_Directions_
Every single line below has to be printed once more, exactly.

START Supplied data

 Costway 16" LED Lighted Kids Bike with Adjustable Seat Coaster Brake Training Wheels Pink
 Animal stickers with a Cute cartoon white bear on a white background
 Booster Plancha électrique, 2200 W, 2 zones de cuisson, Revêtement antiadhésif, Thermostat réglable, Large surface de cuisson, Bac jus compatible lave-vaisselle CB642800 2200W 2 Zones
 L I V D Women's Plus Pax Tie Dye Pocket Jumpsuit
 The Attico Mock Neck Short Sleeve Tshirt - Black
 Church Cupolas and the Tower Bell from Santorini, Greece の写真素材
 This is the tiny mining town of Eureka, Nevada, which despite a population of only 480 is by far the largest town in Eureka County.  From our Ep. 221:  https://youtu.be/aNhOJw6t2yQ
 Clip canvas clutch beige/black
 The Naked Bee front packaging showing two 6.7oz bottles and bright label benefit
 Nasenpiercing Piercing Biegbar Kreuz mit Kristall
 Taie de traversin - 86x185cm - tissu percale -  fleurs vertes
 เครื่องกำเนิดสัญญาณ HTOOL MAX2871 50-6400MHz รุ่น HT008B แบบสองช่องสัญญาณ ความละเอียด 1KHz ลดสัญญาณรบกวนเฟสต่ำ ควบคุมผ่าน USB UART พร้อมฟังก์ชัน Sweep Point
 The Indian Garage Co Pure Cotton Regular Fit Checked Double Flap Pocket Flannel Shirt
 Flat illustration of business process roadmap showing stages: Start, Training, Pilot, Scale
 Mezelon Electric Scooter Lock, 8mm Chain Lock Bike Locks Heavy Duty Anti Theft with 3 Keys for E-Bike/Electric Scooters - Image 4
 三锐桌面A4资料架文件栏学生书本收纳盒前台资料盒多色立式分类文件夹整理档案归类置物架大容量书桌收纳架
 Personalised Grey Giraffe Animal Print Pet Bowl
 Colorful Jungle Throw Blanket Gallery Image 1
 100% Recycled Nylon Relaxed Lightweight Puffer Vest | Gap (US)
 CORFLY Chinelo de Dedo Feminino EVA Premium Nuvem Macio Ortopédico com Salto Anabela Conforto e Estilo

END Supplied data

_Solution below_
 Costway 16" LED Lighted Kids Bike with Adjustable Seat Coaster Brake Training Wheels Pink
 Animal stickers with a Cute cartoon white bear on a white background
 Booster Plancha électrique, 2200 W, 2 zones de cuisson, Revêtement antiadhésif, Thermostat réglable, Large surface de cuisson, Bac jus compatible lave-vaisselle CB642800 2200W 2 Zones
 L I V D Women's Plus Pax Tie Dye Pocket Jumpsuit
 The Attico Mock Neck Short Sleeve Tshirt - Black
 Church Cupolas and the Tower Bell from Santorini, Greece の写真素材
 This is the tiny mining town of Eureka, Nevada, which despite a population of only 480 is by far the largest town in Eureka County.  From our Ep. 221:  https://youtu.be/aNhOJw6t2yQ
 Clip canvas clutch beige/black
 The Naked Bee front packaging showing two 6.7oz bottles and bright label benefit
 Nasenpiercing Piercing Biegbar Kreuz mit Kristall
 Taie de traversin - 86x185cm - tissu percale -  fleurs vertes
 เครื่องกำเนิดสัญญาณ HTOOL MAX2871 50-6400MHz รุ่น HT008B แบบสองช่องสัญญาณ ความละเอียด 1KHz ลดสัญญาณรบกวนเฟสต่ำ ควบคุมผ่าน USB UART พร้อมฟังก์ชัน Sweep Point
 The Indian Garage Co Pure Cotton Regular Fit Checked Double Flap Pocket Flannel Shirt
 Flat illustration of business process roadmap showing stages: Start, Training, Pilot, Scale
 Mezelon Electric Scooter Lock, 8mm Chain Lock Bike Locks Heavy Duty Anti Theft with 3 Keys for E-Bike/Electric Scooters - Image 4
 三锐桌面A4资料架文件栏学生书本收纳盒前台资料盒多色立式分类文件夹整理档案归类置物架大容量书桌收纳架
 Personalised Grey Giraffe Animal Print Pet Bowl
 Colorful Jungle Throw Blanket Gallery Image 1
 100% Recycled Nylon Relaxed Lightweight Puffer Vest | Gap (US)
 CORFLY Chinelo de Dedo Feminino EVA Premium Nuvem Macio Ortopédico com Salto Anabela Conforto e Estilo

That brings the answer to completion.